In 2000, Lars Ulrich, drummer, co-founder of and ostensible spokesperson for the metal band Metallica, discovered that fans were sharing an unreleased, unfinished recording of a song for the Mission Impossible II soundtrack on the then hot file sharing software platform Napster. Ulrich set about the process of filing suit against Napster, several universities and other entities in an effort to stop end users from sharing the band's entire catalog. A judge agreed with the band's objections enough to issue an injunction against Napster, and the software company eventually settled out of court. It was an aggressive and ultimately successful legal strategy that got Metallica what they wanted, protection of their intellectual property.

Ulrich may have been satisfied with the outcome; however, many of his fans weren't. The band's aggressive and unrelenting songs were their brand - take no prisoners, be your own person because "nothing else matters." The aggressive legal action Ulrich took was completely rational yet it made them appear "corporate" and greedy. Ulrich's ire appeared to be directed at their millions of fans rather than a few file sharers given the fact he had 300,000 Metallica fans banned from using the software. Some of those fans vowed never again to purchase another Metallica song.
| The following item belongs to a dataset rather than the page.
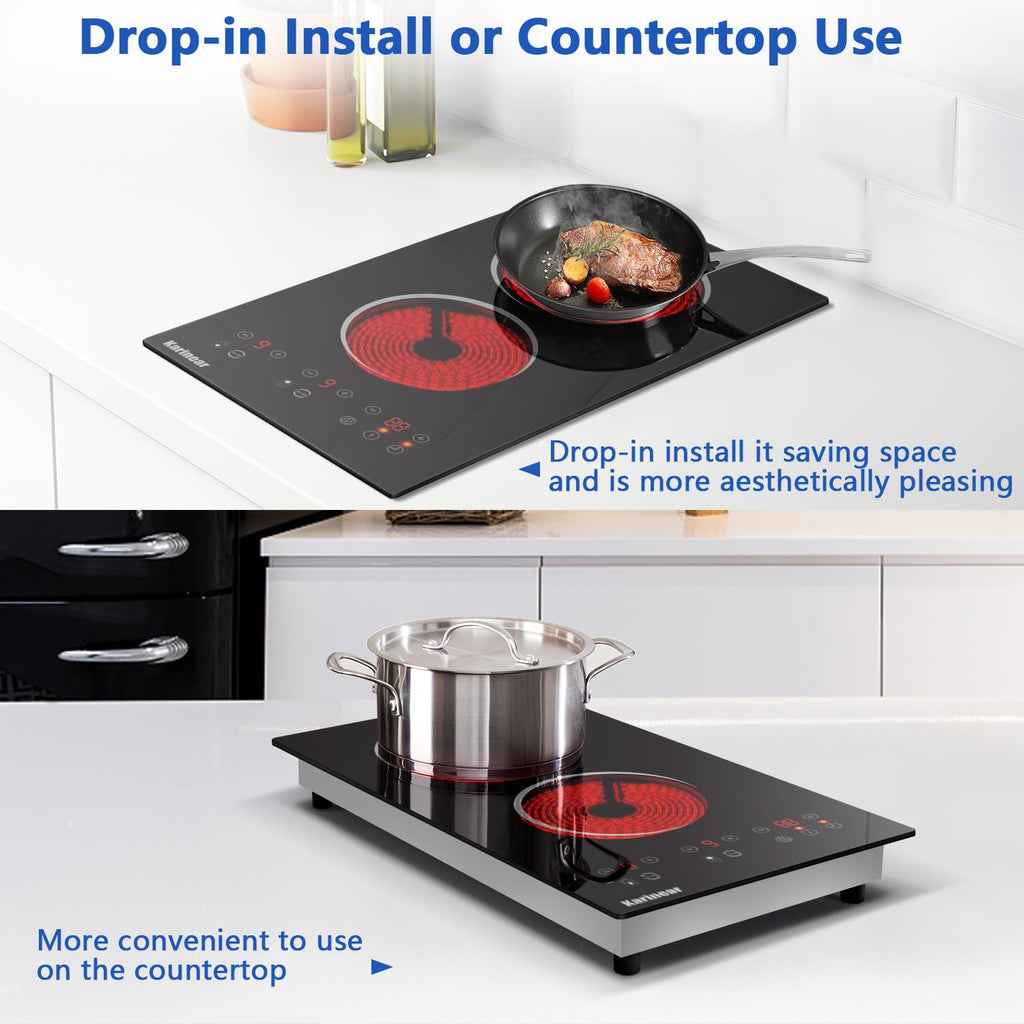 Karinear Electric Cooktop 30 Inch, 5 Burners Electric Stove 30 Inch Electri Ceramic Cooktop, 9 Power Level, Pause, Timer, Child Safety Lock, Triple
Nothing Else Matters Except Your Bottom Line

While Metallica survived the ordeal, their relationship with their fans and their brand was irrevocably damaged. The Napster incident has become a large part of their legacy even though they are in the Rock and Roll Hall of Fame. Could Metallica have handled the file sharing incident and maintained their identity as heavy metal's iconic rebels? File sharing was a new problem back then and few really knew how to react other than to contact an attorney, always a good strategy, but perhaps in the end aggressive legal tactics do more harm than good. Some entities manage to protect intellectual property without resorting to a kick down the door, guns blazing mindset.

Hook and Ladder and Hook

When your brand name has become so iconic to act as a synonym for an entire type of product, like Kleenex®, like Vaseline®, you have hit the top of the game in both marketing and production. Velcro® is one of those kinds of products. The brand name of the company's hook and ladder fastener is used synonymously with all products of the same kind. Realizing this, Velcro® made a short music video featuring a chorus of attorneys singing a catchy song, "Don't Say Velcro," to remind people that all hook and ladder fasteners are not Velcro® brand.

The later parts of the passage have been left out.